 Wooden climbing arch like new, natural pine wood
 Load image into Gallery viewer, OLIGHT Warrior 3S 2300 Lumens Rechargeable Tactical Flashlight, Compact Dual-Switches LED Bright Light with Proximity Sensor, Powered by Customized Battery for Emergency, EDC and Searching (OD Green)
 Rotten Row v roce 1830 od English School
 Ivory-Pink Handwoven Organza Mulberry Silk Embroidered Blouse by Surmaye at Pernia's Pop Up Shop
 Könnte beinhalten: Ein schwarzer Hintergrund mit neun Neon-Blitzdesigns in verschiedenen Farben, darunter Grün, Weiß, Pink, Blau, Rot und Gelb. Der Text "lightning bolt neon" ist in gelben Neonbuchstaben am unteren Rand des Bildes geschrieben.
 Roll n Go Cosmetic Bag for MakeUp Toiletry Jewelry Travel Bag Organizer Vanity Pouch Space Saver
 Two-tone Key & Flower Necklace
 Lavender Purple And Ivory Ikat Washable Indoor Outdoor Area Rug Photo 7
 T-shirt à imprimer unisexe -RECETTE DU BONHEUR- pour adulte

- - - -

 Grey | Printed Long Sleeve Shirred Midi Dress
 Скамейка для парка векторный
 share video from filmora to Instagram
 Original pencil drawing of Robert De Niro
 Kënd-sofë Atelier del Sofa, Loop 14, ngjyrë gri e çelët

- - - -

Problem requirements = What is the number of lines in the entries above that contain the string "Pink"? Reply with the number and nothing more.

Output for this task = 2